Personal information
- Date of birth: 13 May 1986 (age 39)
- Place of birth: Stockholm, Sweden
- Height: 1.83 m (6 ft 0 in)
- Position: Goalkeeper

Team information
- Current team: Assyriska FF
- Number: 51

Youth career
- Djurgårdens IF

Senior career*
- Years: Team / Apps / (Gls)
- 2003–2004: Väsby United / 2 / (0)
- 2004: Djurgårdens IF / 0 / (0)
- 2005–2009: Arameisk-Syrianska IF / 113 / (0)
- 2010: Vasalunds IF / 16 / (0)
- 2011: Arameisk-Syrianska IF / 12 / (0)
- 2011: IK Sirius / 0 / (0)
- 2012: IK Frej / 26 / (0)
- 2013: Valsta Syrianska IK / 5 / (0)
- 2013–2018: IK Frej / 109 / (0)
- 2019: 1. SC Znojmo FK / 0 / (0)
- 2019: Newroz FC (sv) / 10 / (0)
- 2019–2020: Panachaiki GE / 5 / (0)
- 2020: Sollentuna FK / 0 / (0)
- 2021: Segeltorps IF / 11 / (0)
- 2022–: Assyriska FF / 50 / (0)

= Marko Atanackovic =

Swedish footballer

Marko Atanackovic (born 13 May 1986) is a Swedish football goalkeeper who plays for Assyriska FF.

==Career==
===Club career===
Brought up in Djurgårdens IF's system, the goalkeeper spent almost an entire career in lower leagues of Sweden. He played over 100 league games each for both Arameisk-Syrianska IF and IK Frej before finally getting a try at playing abroad.

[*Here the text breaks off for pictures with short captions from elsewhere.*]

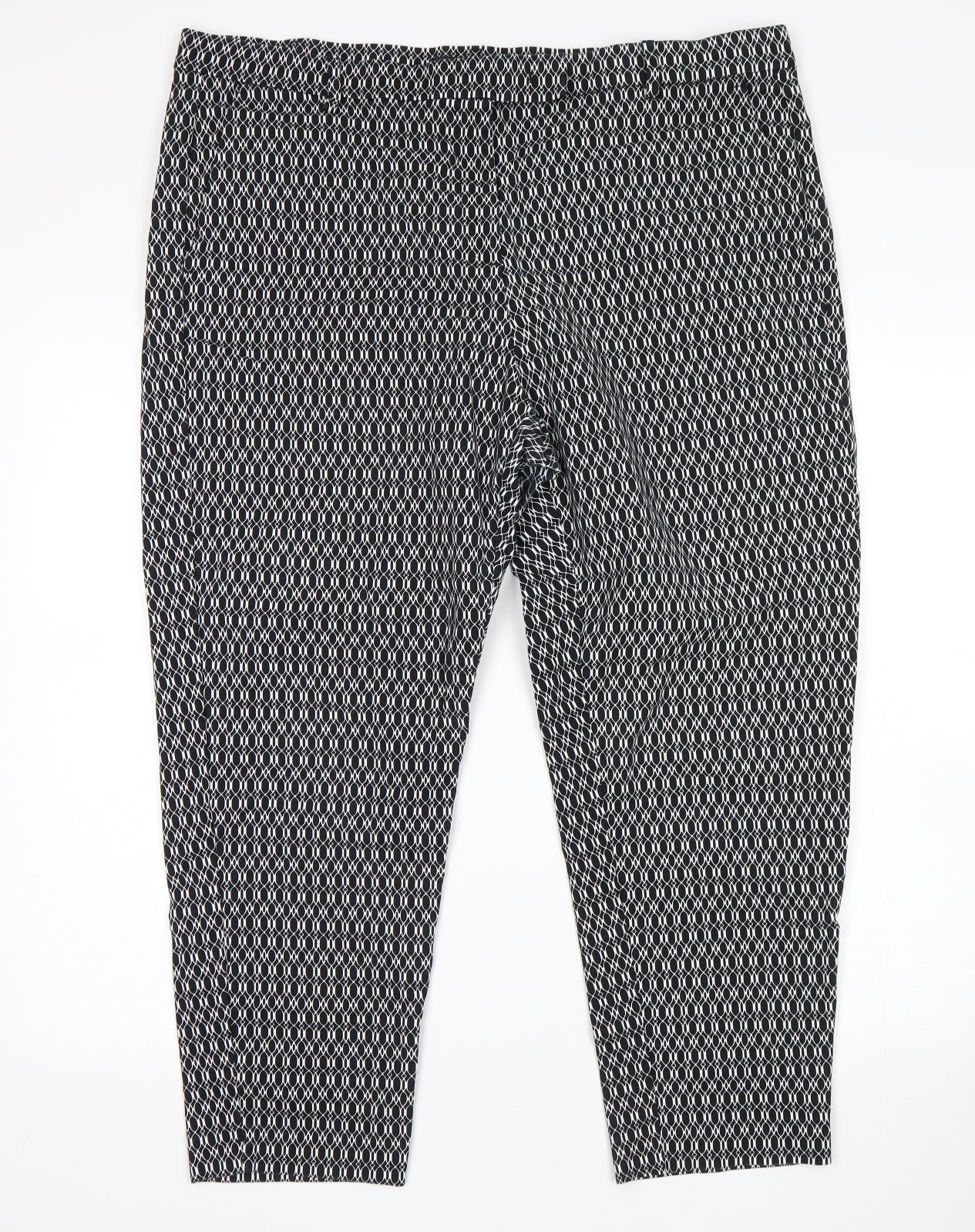 M&S Womens Multicoloured Geometric  Cropped Trousers Size 20 L25 in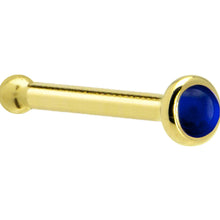 将图片加载到图库查看器,Solid 14K Yellow Gold 2mm Genuine Sapphire Nose Ring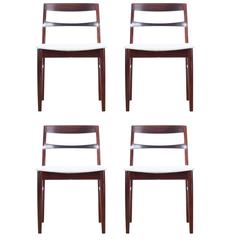 Mid-Century Modern Scandinavian Set of Four Rosewood Chairs, Henning Kjaernulf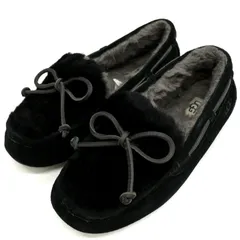 アグ モカシン スウェード 裏ボア シューズ 靴 黒 レディース 24サイズ ブラック UGG 【中古】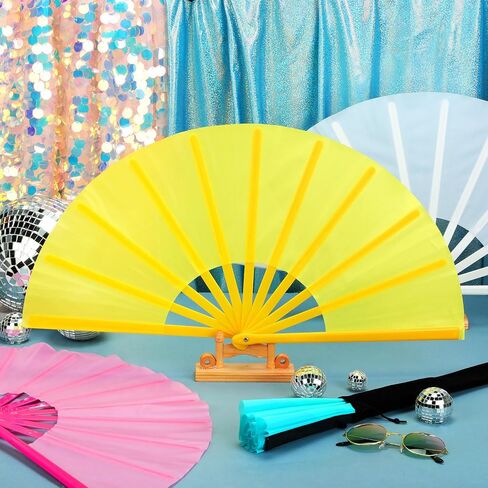 Blulu Large Folding Fan for Line Dancing Big Silk Handheld Clapping Popping Fan Boots on The Ground for Men Women(classic Style, Navy, 13 Inch) in Saudi Arabia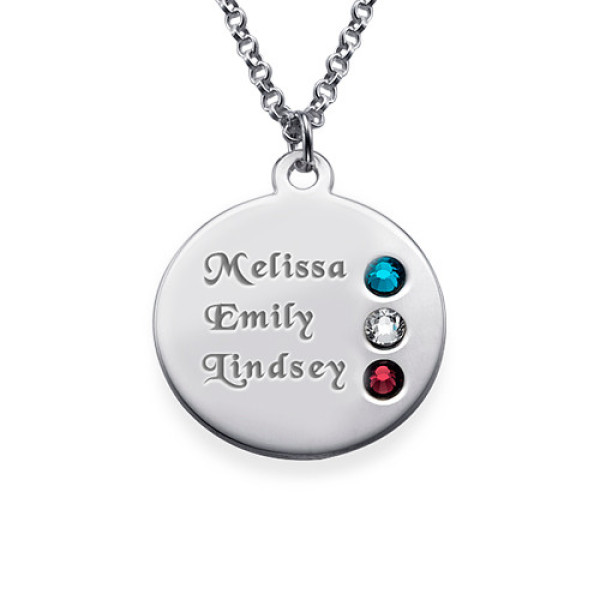 Silver Birthstone Necklace for Mum Inscriptions (1-3) - The Name Jewellery™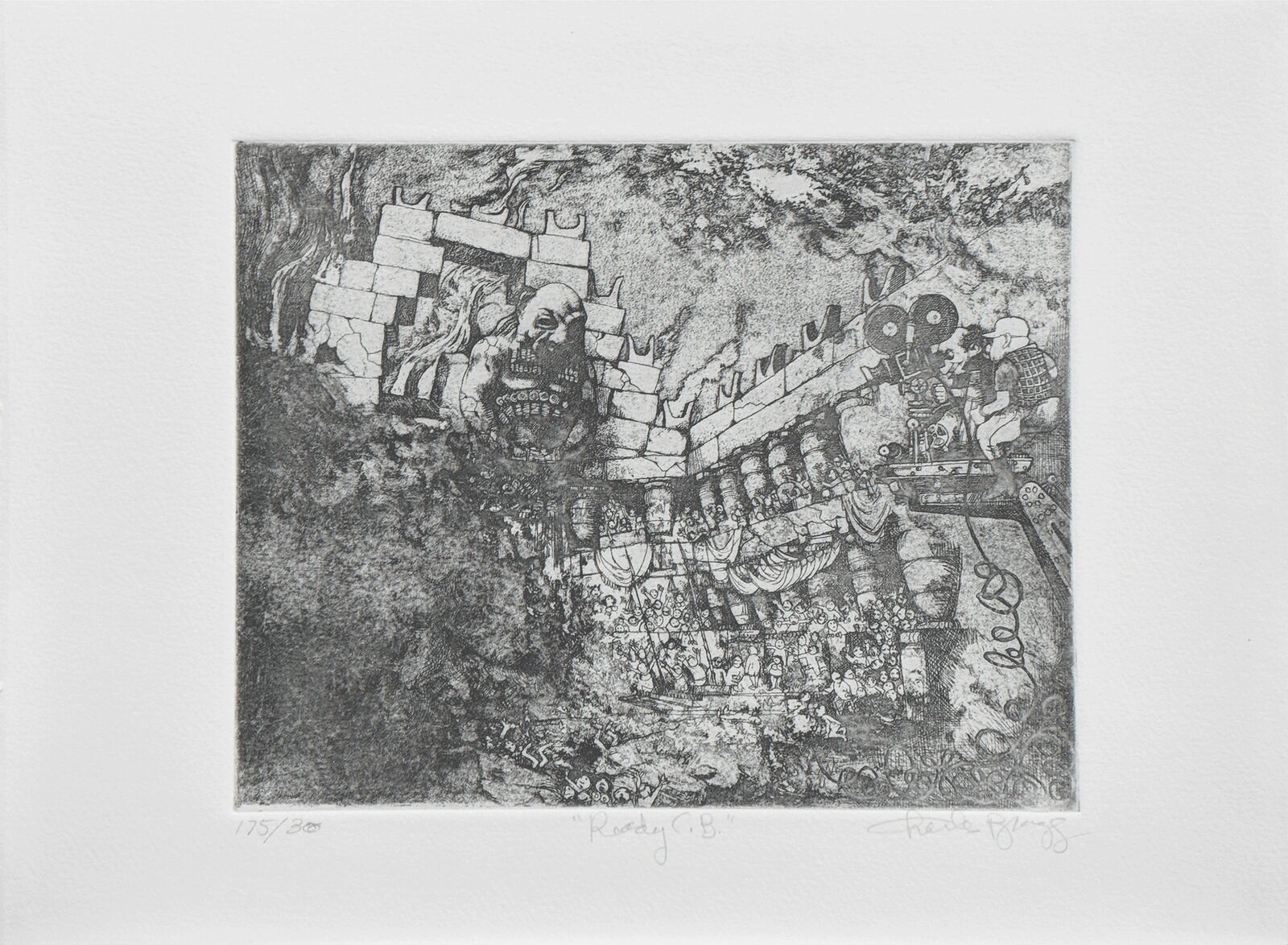 A black and white drawing of a castle with a skull on the wall.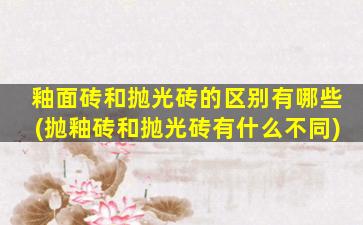 釉面砖和抛光砖的区别有哪些(抛釉砖和抛光砖有什么不同)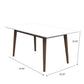 Modern rectangular dining table with white top, wood legs, and size dimensions shown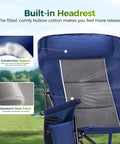 Oversized Folding Camping Chair With High Back Support Heavy Duty Lawn Chair For Adults Supports Up To 500 Lbs Portable Camp Chair With Cup Holders And Large Side Pocket For Outdoor Use featuring built-in headrest and mesh fabric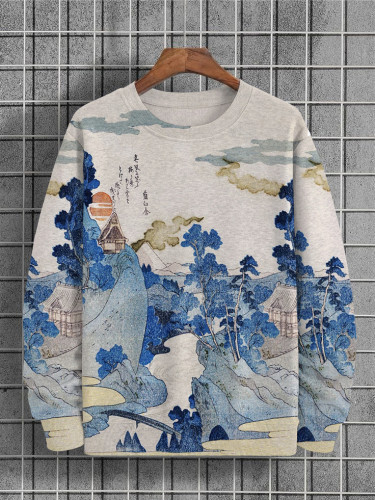 Men's Japanese Landscape Art Print Round Neck Sweatshirt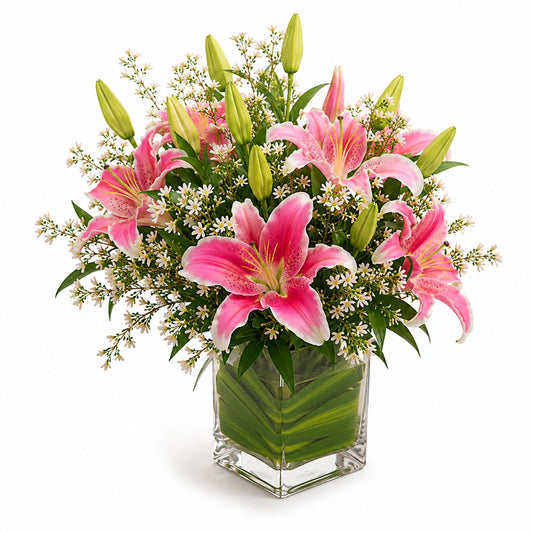 6 Pink Oriental Lilies Square Glass Vase - Fresh Anniversary & Mother's Day Gift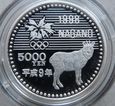 5000 Yen 1998 Nagano , Srebro 925 , 15gram BIATHLON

Signing for lowly Czech club 1. SC Znojmo FK, the contract was soon annulled due to irregularities with the player agent.

He played the spring season for another Swedish low-level club before moving to Greece in the summer of 2019. In the Super League Greece 2, he debuted in a fully professional league at the age of 33 for Panachaiki GE.

As the team imploded, he went home to Sweden again to join third-tier Sollentuna FK. In June 2020, Atanackovic was accused of playing large sums of money on matches he himself had played in. Atanackovic, however, denied the allegations, stating that he did not want to play in a club that came with false accusations against him and for that reason he left the club shortly after his arrival.